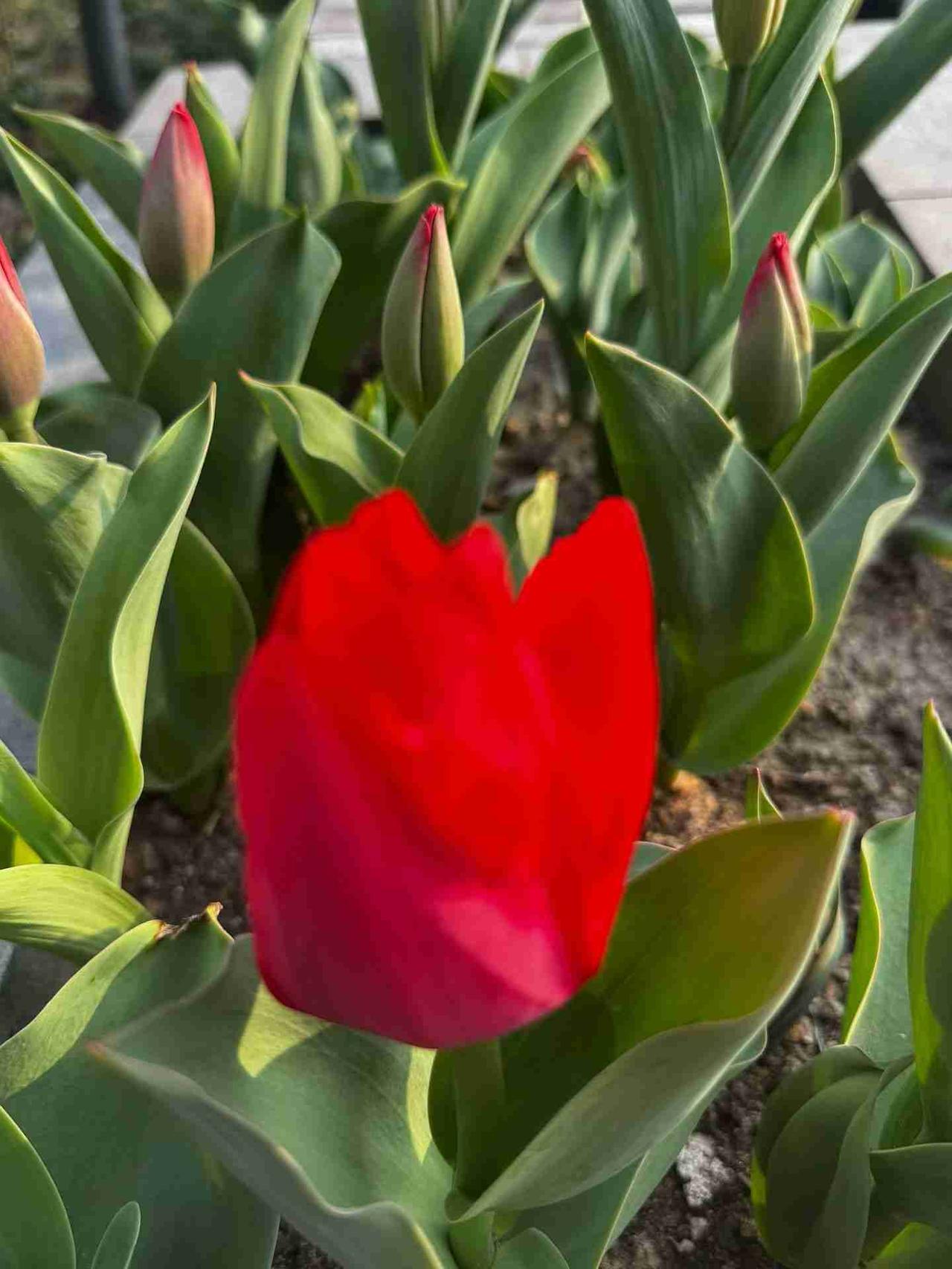 我的今日状态：💰期待暴富
我这里的天气：☀️晴天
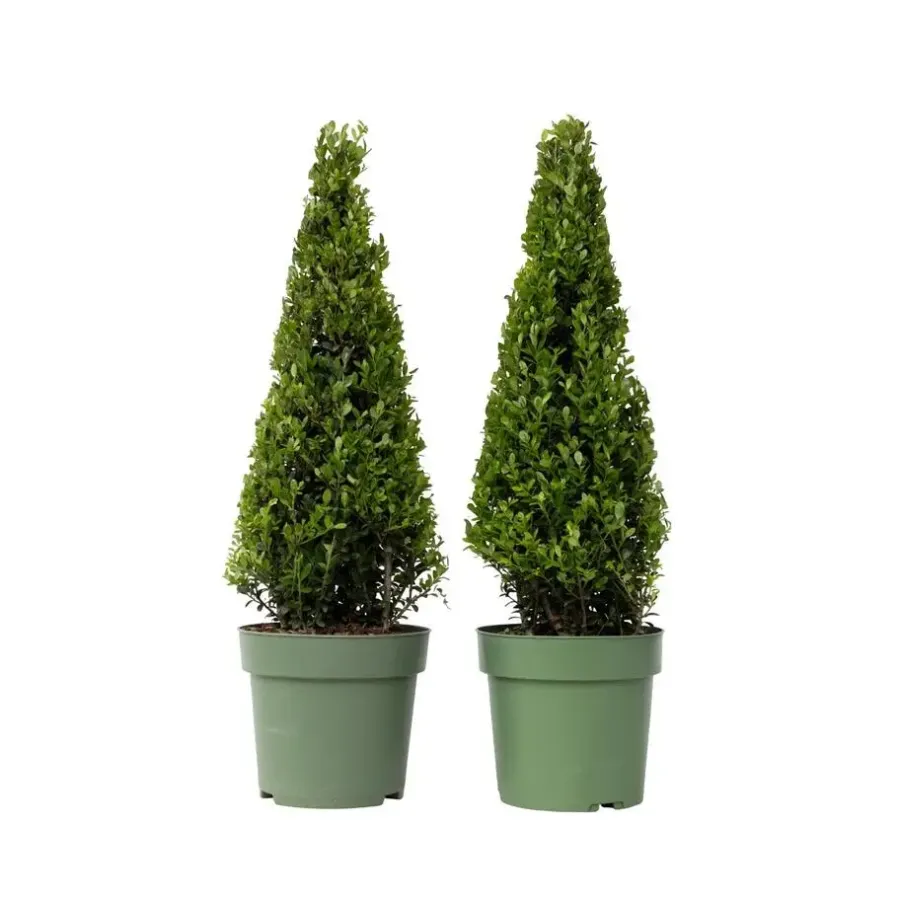 Planten-Plant in a Box Japanse hulst - Set van 2 - Ilex crenata 'Jenny' - Hoogte 55-65cm - ⌀21cm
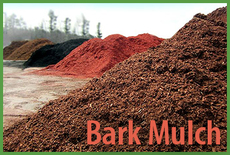 Bark Mulch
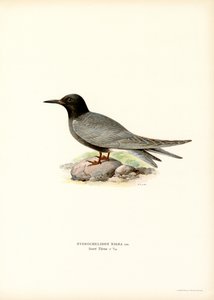 Schwarze Seeschwalbe von Magnus Ferdinand and Wilhelm von Wright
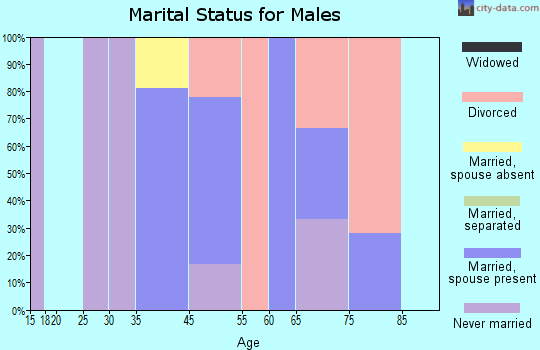 Bombay Beach marital status for males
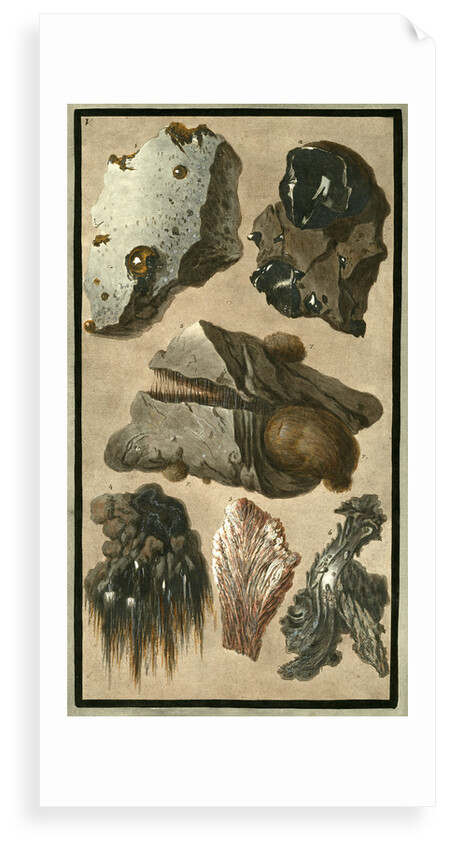 Rock specimens by Pietro Fabris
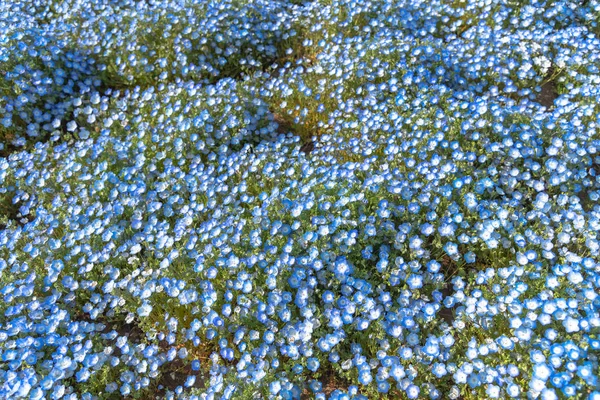 Nemophila Campo Flores Alfombra Flores Azules —  Fotos de Stock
────
** Your goal **
The copy must match the listing above exactly, except that it holds no pictures.

** Answer to this task **
 我的今日状态：💰期待暴富
我这里的天气：☀️晴天
 Planten-Plant in a Box Japanse hulst - Set van 2 - Ilex crenata 'Jenny' - Hoogte 55-65cm - ⌀21cm
 Bark Mulch
 Schwarze Seeschwalbe von Magnus Ferdinand and Wilhelm von Wright
 Bombay Beach marital status for males
 Rock specimens by Pietro Fabris
 Nemophila Campo Flores Alfombra Flores Azules —  Fotos de Stock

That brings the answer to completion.